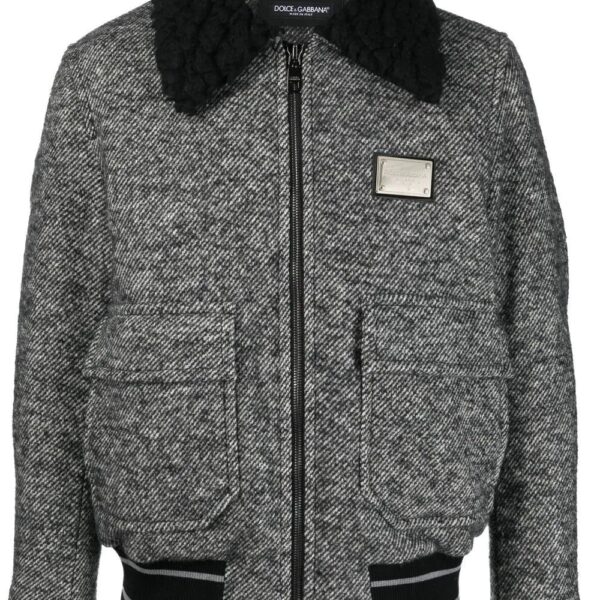 Dolce & Gabbana  logo-plaque tweed bomber jacket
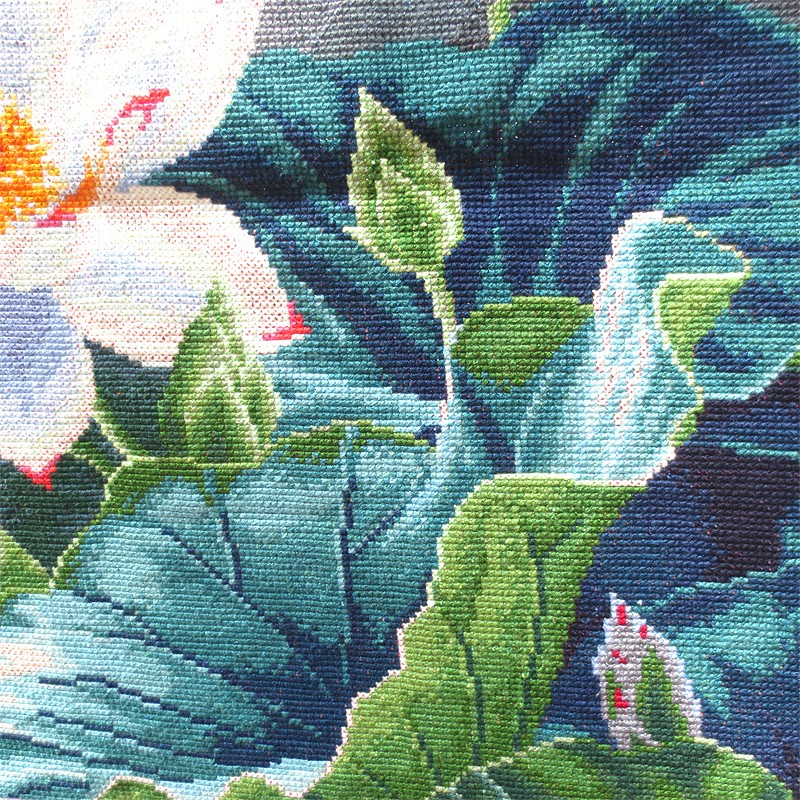 ดอกบัวหลวง มงคล ชุดปักครอสติส พิมพ์ลาย ครอสติสจีน งานฝีมือทำที่บ้าน DIY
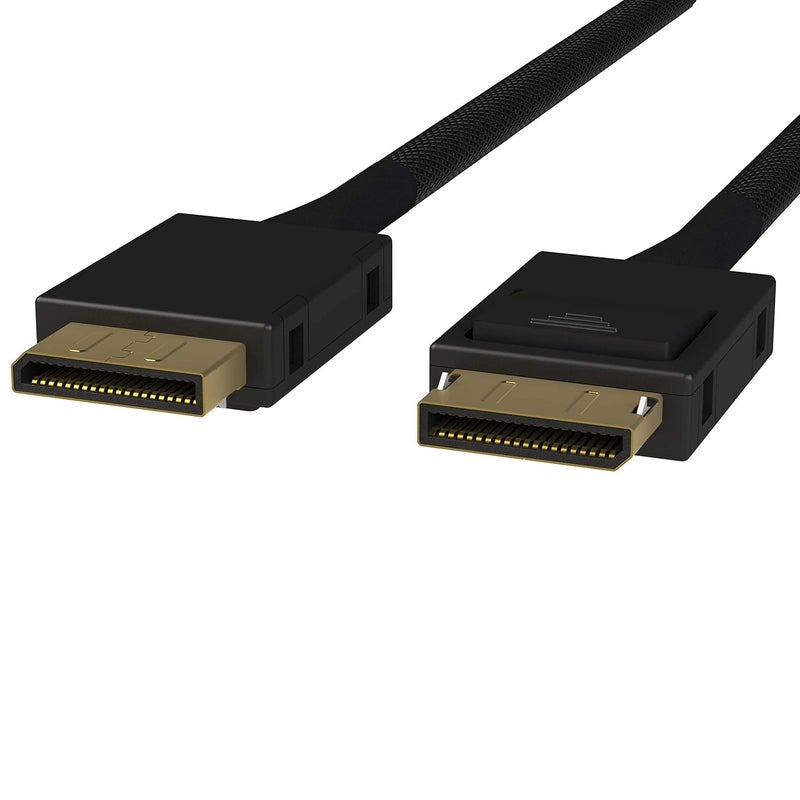 LINKUP - OCuLink PCIe Gen 4 SFF-8611 4i to OCuLink SFF-8611 SSD Data Active Cable w/Nylon Cable Jacket 75cm - Image 1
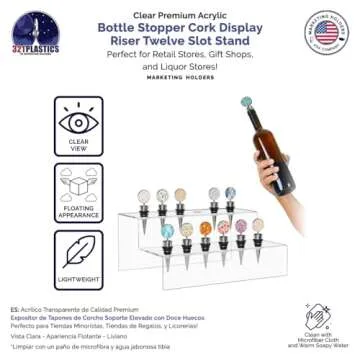 Marketing Holders Wine Bottle Topper Liquor Pourer Display Stand 12 Slot Rack .75 Inch Wide Holes Clear Acrylic 2 Tier Riser 11.75 Inch Wide by 4.75 Inch Deep Retail Countertop Showcase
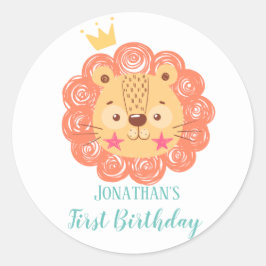 Lion baby Dusche klassischer Rundaufkleber Runder Aufkleber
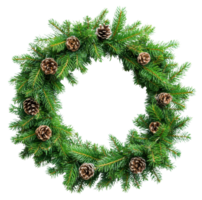 A festive green wreath adorned with pinecones displayed for seasonal decoration, cut out - stock . png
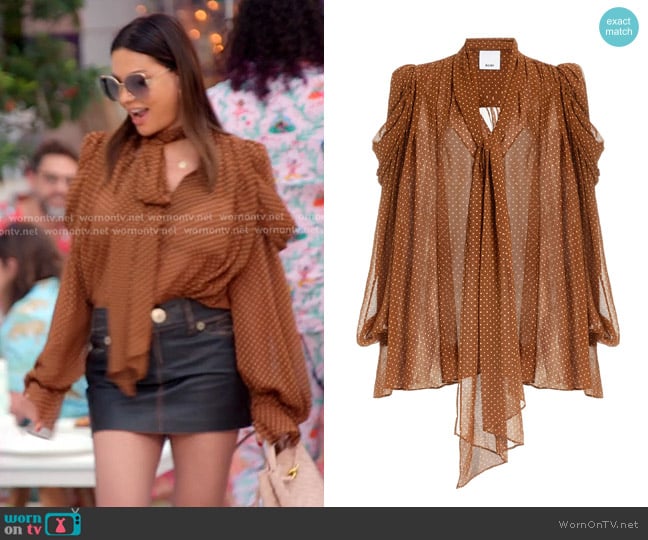 Acler Swansea Puff-Sleeve Polka-Dot Georgette Tie-Neck Top worn by Adriana de Moura (Adriana de Moura) on The Real Housewives of Miami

________________________________________

WHAT IS REQUIRED => Of the entries above, print exactly those lines that run from the one containing "Marketing Holders Wine" through the last line, excluding any pictures.

TASK ANSWER =>
 Marketing Holders Wine Bottle Topper Liquor Pourer Display Stand 12 Slot Rack .75 Inch Wide Holes Clear Acrylic 2 Tier Riser 11.75 Inch Wide by 4.75 Inch Deep Retail Countertop Showcase
 Lion baby Dusche klassischer Rundaufkleber Runder Aufkleber
 A festive green wreath adorned with pinecones displayed for seasonal decoration, cut out - stock . png
 Acler Swansea Puff-Sleeve Polka-Dot Georgette Tie-Neck Top worn by Adriana de Moura (Adriana de Moura) on The Real Housewives of Miami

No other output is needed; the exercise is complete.